I recommend the recent front page article in the New York Times on Obama to get a first hand look at this stormy love triangle. Obama was mentored by a scion of the 60’s, Jeremiah Wright, a pastor at Trinity Congregational in Chicago. Wright has spoken and continues to speak stridently against “white racism” and “middleclassness” the “selfish individualism” that corrupts people’s abilities to give back to their community. Tough stuff for Middle America to handle if exposed to intensely (which it will be by his Republican opponents, no doubt, if he wins the Democratic nomination). So far, Obama has chosen to strategically distance himself from this pastor and pal up with Jim Wallis (a pretty accomplished triangulator himself), of “God’s Politics” fame and the 2006 election “defeat for the religious right and the secular left” notoriety.
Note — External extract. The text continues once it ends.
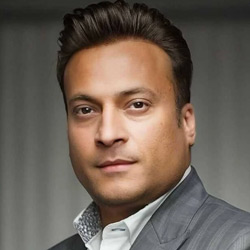 Ali Momin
The knock on Obama in some quarters is that he is long on stirring rhetoric and short on details. In his own words, he feels his job is not only to balance idealism and realism, and see the other sides’ points, but “to distinguish between what can and cannot be compromised” (p. 42, Barack Obama, The Audacity of Hope: Thoughts on Reclaiming the American Dream, Crown Publishing, 2006). In this Obama has a choice: be “moderate”, deny his radical past and split the ideological divide or be progressive, embrace elements of his radical past and offer a compelling alternative that might challenge the capacities and inspire the best virtues of American citizens.
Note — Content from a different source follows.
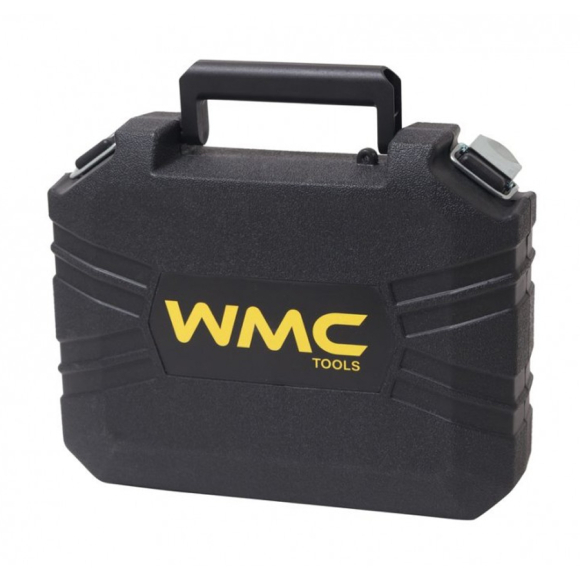 Набор инструментов WMC Tools  48163 1036 (36 предметов) Набор инструментов WMC Tools  48163 1036 (36 предметов)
So far, Obama appears to be playing both sides of this tension, catering to a nostalgic desire for an untroubled centrism and earnestly presenting an image of a new and fresh Kennedy-like advocate of a brave, new, and hopeful world. When Obama suggests “we all take a deep breath” (op. cit., p. 22) in realizing that the present political madness is not as bad as other instances of historical injustice, he seems to be urging us to gloss over present injustice for the the sake of a future so-called “unity”, one based more on amelioration than engagement of the tough issues of the day. Perennially disappointed progressives are trying to decide if he is for real (and if this amelioration is simply the requirement of campaigning). And yet his hidden history points to a very different man, a man whose faith has been based on his engagement with social justice. Will Obama surprise us as did Franklin Delano Roosevelt, the wealthy man branded as a class traitor for casting his lot with the people? At least Obama is engaging the tension, if not always overtly, and that engagement reflects America’s larger struggle. If presidents reflect the mood of the country, Obama, might be the quintessential candidate. Our ugly marks have been revealed, our capitulations (to fear, torture and other abuses of rights, etc.) as citizens and “leaders of the free world” have reflected poorly upon us.
Our leadership has become an evident tragedy. Our self-image has taken a beating. Yet we still have a choice to do what is necessary to regain our esteem honestly and reawaken the potential of the flawed but noble democracy called America. Or we can proceed dishonestly. My own feeling is that this choice cannot ultimately be triangulated, any more than faith can be. It might be possible to reassure people clinging to nostalgia with “calming” rhetoric, but policies are matters of choice, not rhetoric. The question for us and for Obama is will we cling to mere image, and deny yet again, that ugliness that we have hidden, the ugliness that can be redeemed, but
not without both struggle and vision…and a certain kind of faith.